Obsesi Cak Imin maju di kontestasi Pilpres 2024 adalah hal yang lumrah. Tercatat sejak Pemilu 2009, kalkulasi politik Cak Imin selalu tepat. Ia berhasil membawa Partai Kebangkitan Bangsa (PKB) menjadi penghuni tetap di pemerintahan. Cak Imin sukses mengakomodir mesin partainya untuk memenangkan SBY-Boediono di 2009, dan dua periode Pemerintahan Jokowi.
Tentu keberhasilan Cak Imin tersebut semakin meningkatkan kepercayaan dirinya. Sudah waktunya keponakan Gus Dur itu mendapat tempat yang lebih di republik ini. Setidaknya motivasi tersebut yang membuat Cak Imin berani mengambil langkah sejauh ini.
Sangat wajar jika akhirnya Cak Imin memilih hengkang dari ketidakpastian yang diberikan oleh Gerindra, kawan koalisinya yang sudah terbentuk sejak 13 Agustus 2022 lalu. Terlebih dengan masuknya PAN dan Golkar, membuat opsi cawapres bagi Prabowo menjadi lebih luas dan otomatis semakin mempersempit peluang Cak Imin.

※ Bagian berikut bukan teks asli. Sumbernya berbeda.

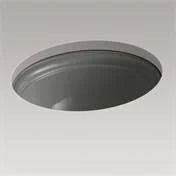 18-1/8x22 Undermount Bathroom Sink U608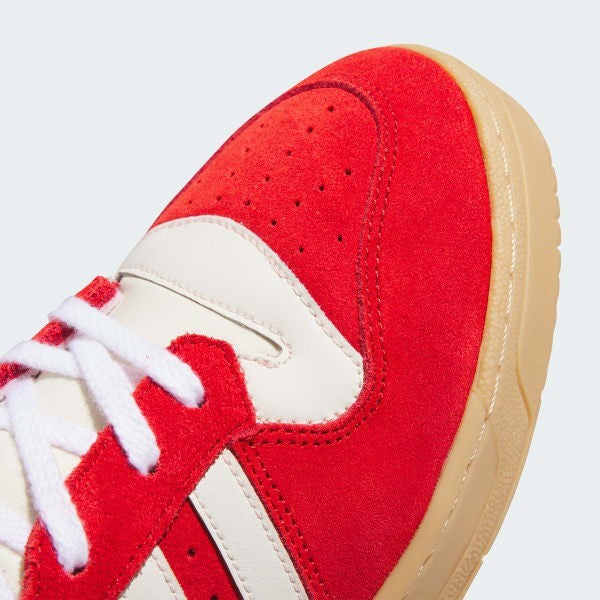 Adidas Rivalry Low 86 Better Scarlet Ivory Gum ID8410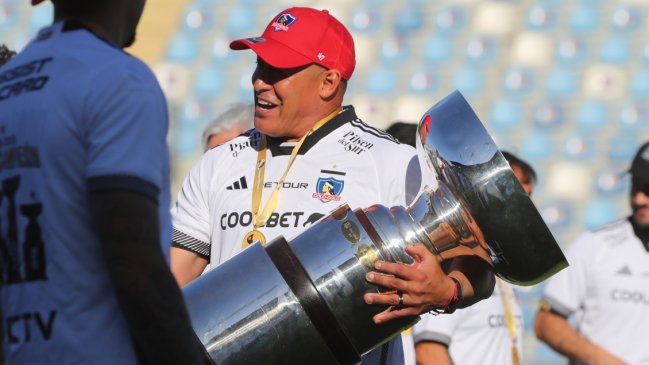 Almirón y la Supercopa: Ojalá se pongan de acuerdo lo antes posible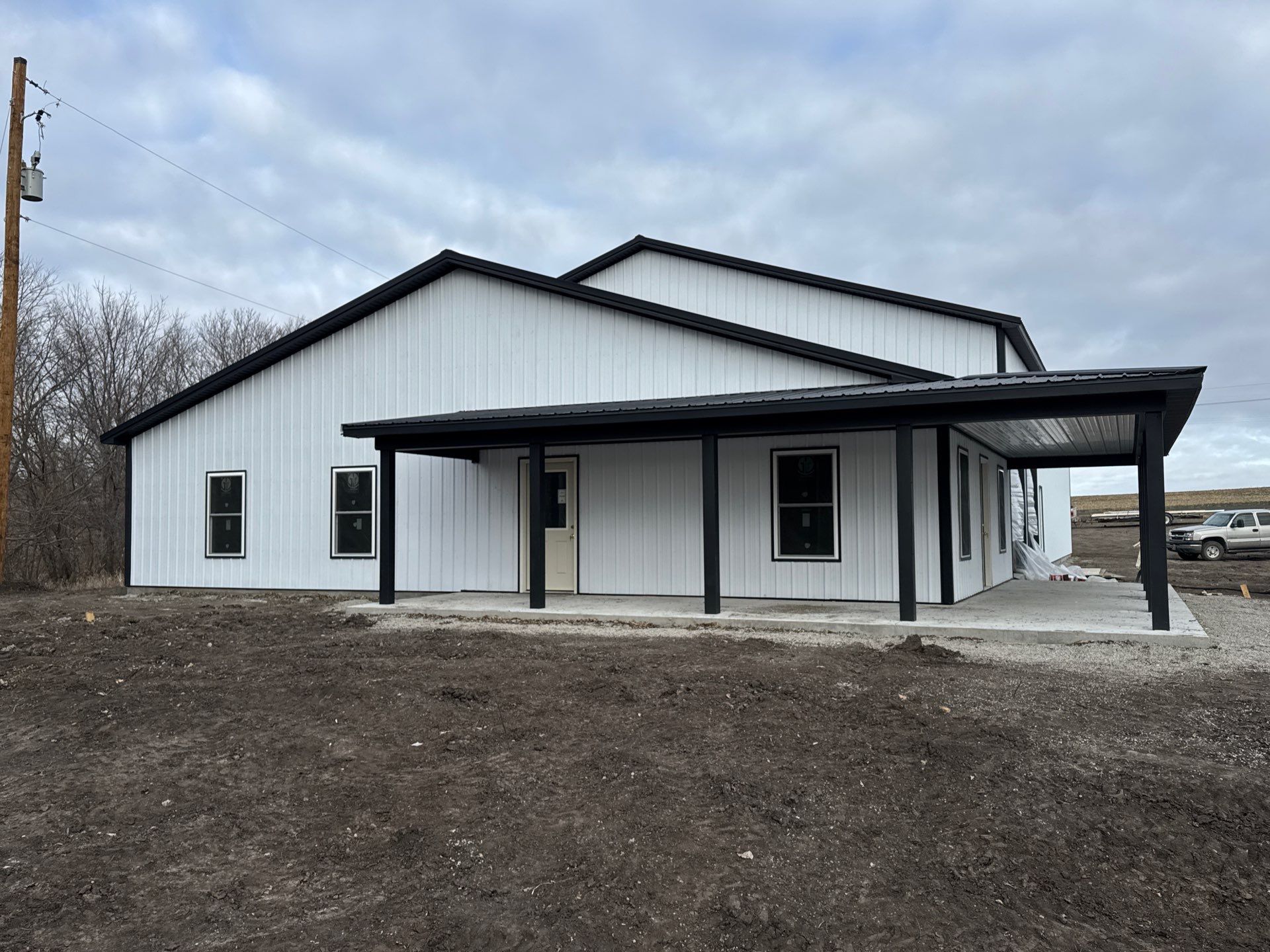 Sears Project by Graber Custom Structures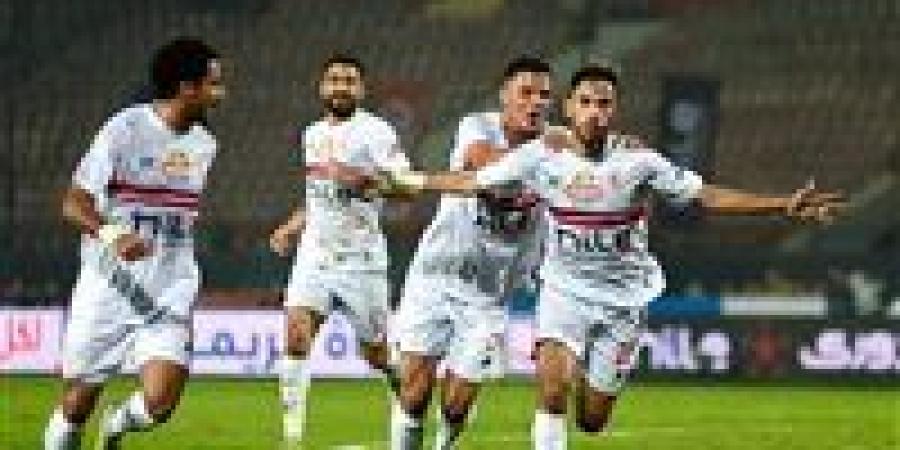 تشكيل الزمالك المتوقع أمام أبو قير للأسمدة في كأس مصر - جورنالك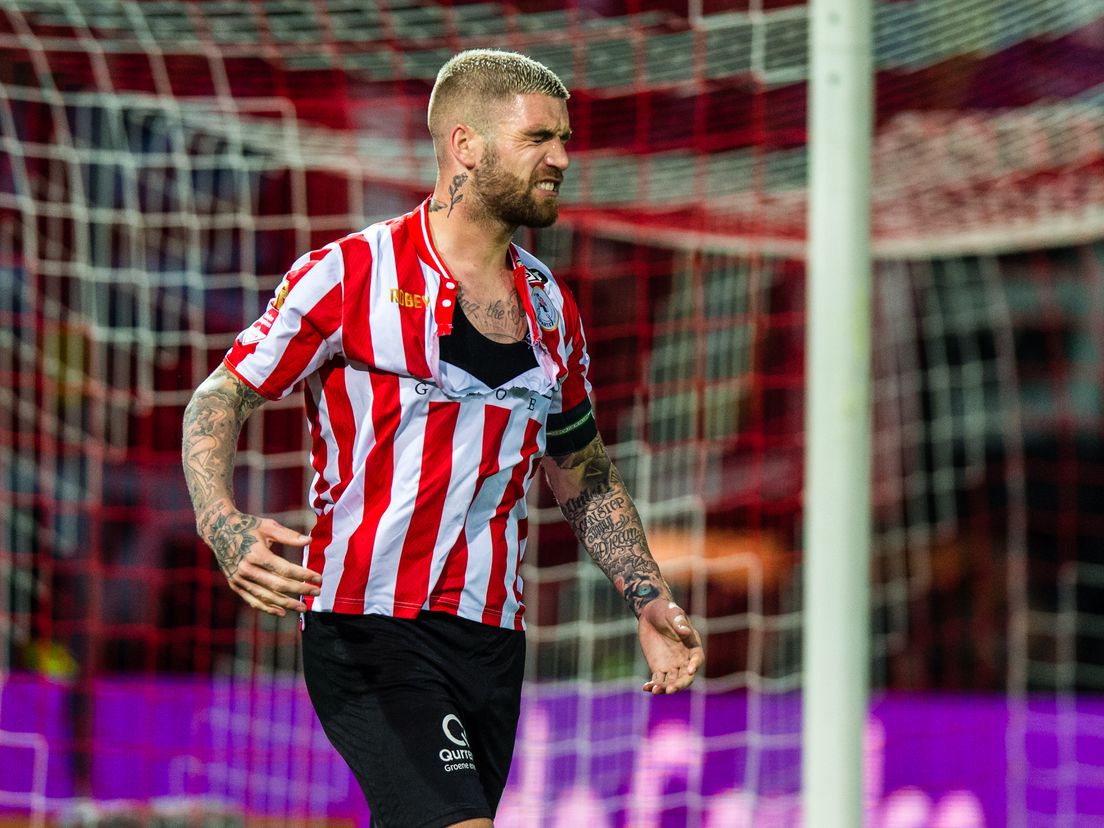 Lars Veldwijk.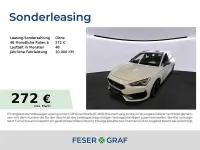 Używany Cupra Leon 204 KM (150 kW) 2023 Biały Sedan/Limuzyna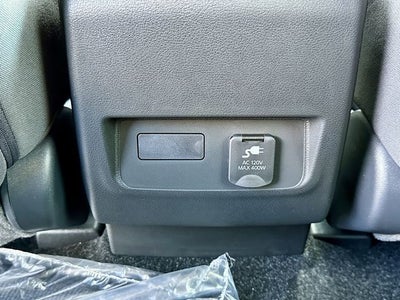 2026 Nissan Frontier Crew Cab S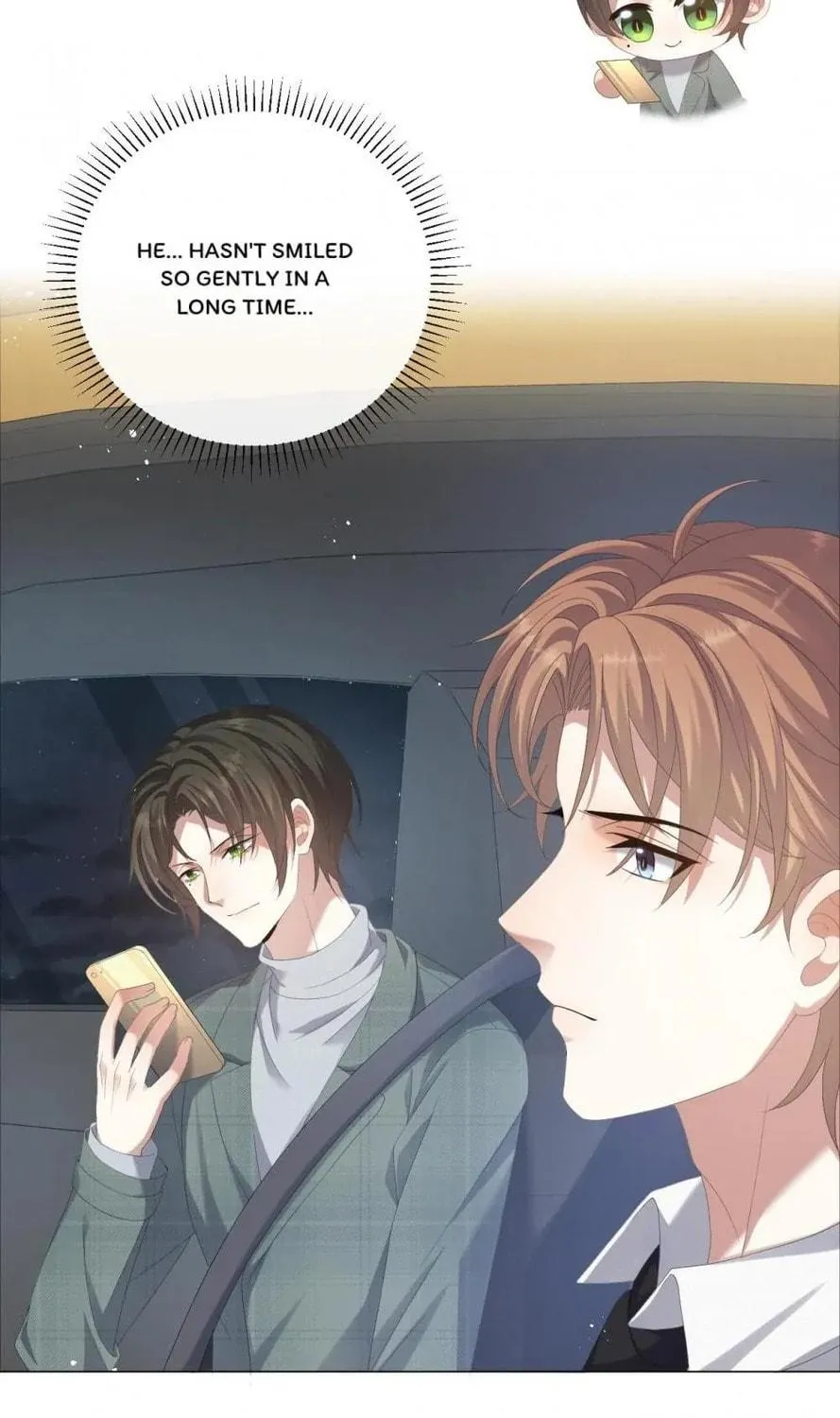 Read Abuse the Scumbag chapter 33 image 10 on Lezhin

Bukan keputusan yang mudah bagi Cak Imin meninggalkan koalisinya dan menerima pinangan Anies Baswedan. Sejumlah risiko besar mesti ditanggungnya. Terbukti dalam hitungan hari setelah deklarasi Anies-Cak Imin di Surabaya, kasus korupsi di Kementerian Ketenagakerjaan (Kemenaker) tahun 2012 silam yang menyeret namanya, kembali diusik oleh Komisi Pemberantasan Korupsi (KPK). Tentu hemat saya, kasus ini tidak bakal sampai menyebabkan Cak Imin mendekam di bui. Namun isu sensitif ini akan menjadi jalan terjal baginya dalam mengarungi kontestasi Pilpres 2024.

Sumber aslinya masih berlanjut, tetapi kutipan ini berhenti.